In het licht van het bovengenoemde achten wij een Nederlandse bijdrage aan de
oprichting van een soort Vrije Universiteit in (Noord-)Irak niet opportuun.
De motie Voordewind, Van Gennip, Van der Staaij en Van Dam, nr. 258
(23432), over ontheemden in de Ninive-vlakte
Het Nederlandse humanitaire beleid is erop gericht om zoveel mogelijk
ongeoormerkt bij te dragen aan humanitaire noodsituaties om uitvoerende
organisaties de nodige flexibiliteit te geven om fondsen daar in te zetten waar
de nood het hoogst is.
Wat betreft de Nederlandse humanitaire hulp aan Iraakse vluchtelingen en
ontheemden, heeft Minister Koenders in zijn recente brief van 3 april jl. de
Kamer geïnformeerd over de uitvoering van het amendement Van der Staaij om Euro
6 miljoen te besteden aan humanitaire hulp voor Iraakse ontheemden in met name
Noord-Irak. Voor Nederland is de VN de belangrijkste samenwerkingspartner in
Irak. Het CAP (Consolidated Appeal Process) van de VN voor Irak is de basis voor
de besteding van deze Euro 6 miljoen. Het CAP bundelt alle afzonderlijke
noodhulp-appeals van onder andere de VN-organisaties. Er is besloten Euro 4
miljoen bij te dragen aan een 'appeal' van UNICEF (programma IMPACT), en om met
Euro 2 miljoen bij te dragen aan het 'appeal' van WHO, gericht op mentale en
psychosociale gezondheidszorg. Deze programma's van UNICEF en WHO richten zich
met name op Noord-Irak.
Voorts zal Nederland dit jaar UNHCR met Euro 2 miljoen ondersteunen voor de
opvang van Iraakse vluchtelingen in Syrië.
Ook via onze niet-geoormerkte bijdragen aan organisaties als bijvoorbeeld het
ICRC of het VN-Central Emergency Response Fund (CERF) draagt Nederland bij aan
de concrete hulpverlening aan Iraakse ontheemden en vluchtelingen in de
buurlanden. Uit de Nederlandse bijdrage dit jaar aan het CERF van Euro 40
miljoen zal bijvoorbeeld naar verwachting Euro 6,6 miljoen ten goede komen aan
ontheemden in Irak en Euro 5 miljoen aan Iraakse vluchtelingen in Syrië.

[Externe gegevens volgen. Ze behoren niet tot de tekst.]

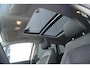 Suzuki Vitara 1.4 Boosterjet Stijl | PANO | PARKEERSENSOREN V&A | RIJKLAARPRIJS |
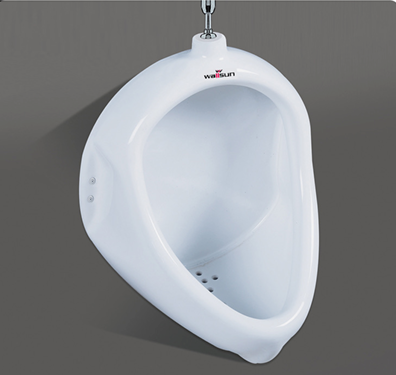 GENTS URINAL WALLSUN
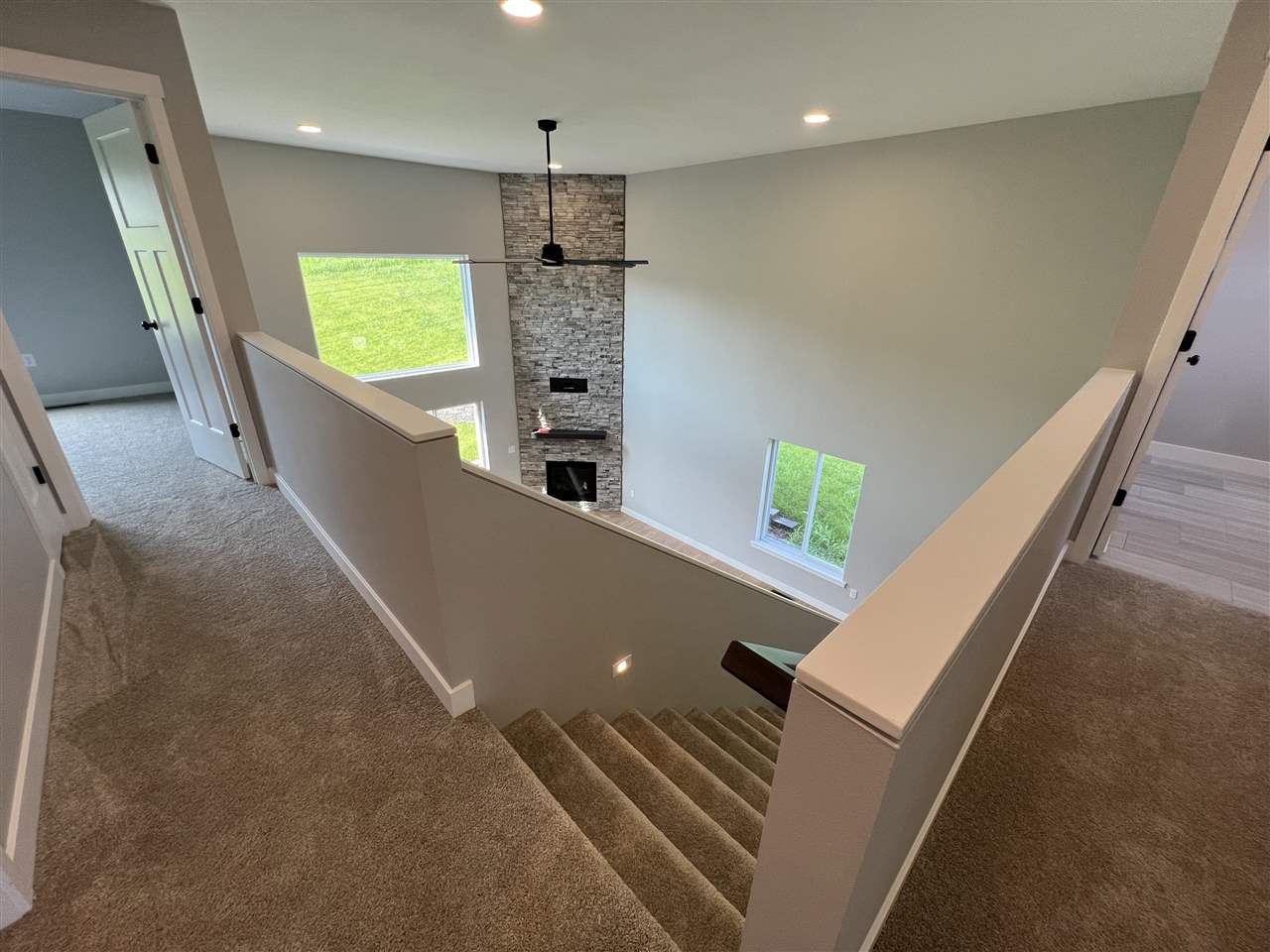 1401 Legend Drive Tiffin IA 52340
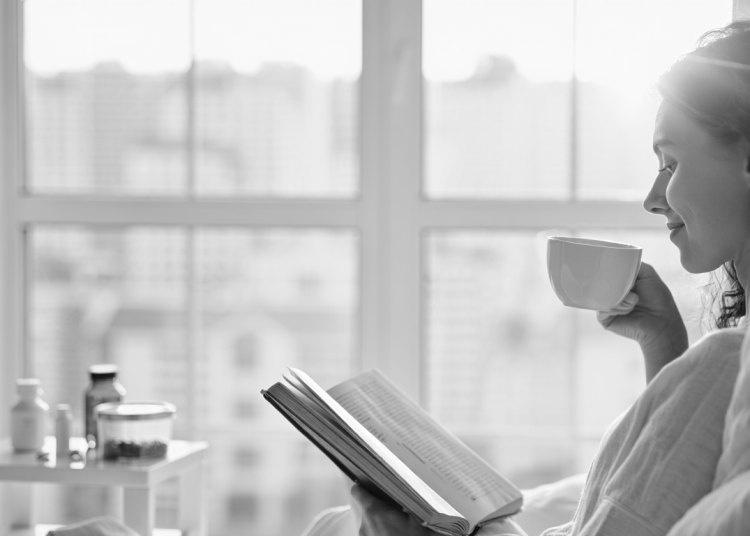 Позитив против рецидива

In de betrokken motie wordt de regering gevraagd middelen vrij te maken voor
de ontheemden op de Nineveh-vlakte in Noord-Irak. Tijdens het VAO van 3 juli jl.
heeft minister Verhagen aangegeven bereid te zijn om te kijken naar de
mogelijkheid extra aandacht te vragen voor ontheemden op de Nineveh-vlakte, maar
dat de regering het ongewenst acht om de humanitaire hulpverlening te differenti
ëren naar religie.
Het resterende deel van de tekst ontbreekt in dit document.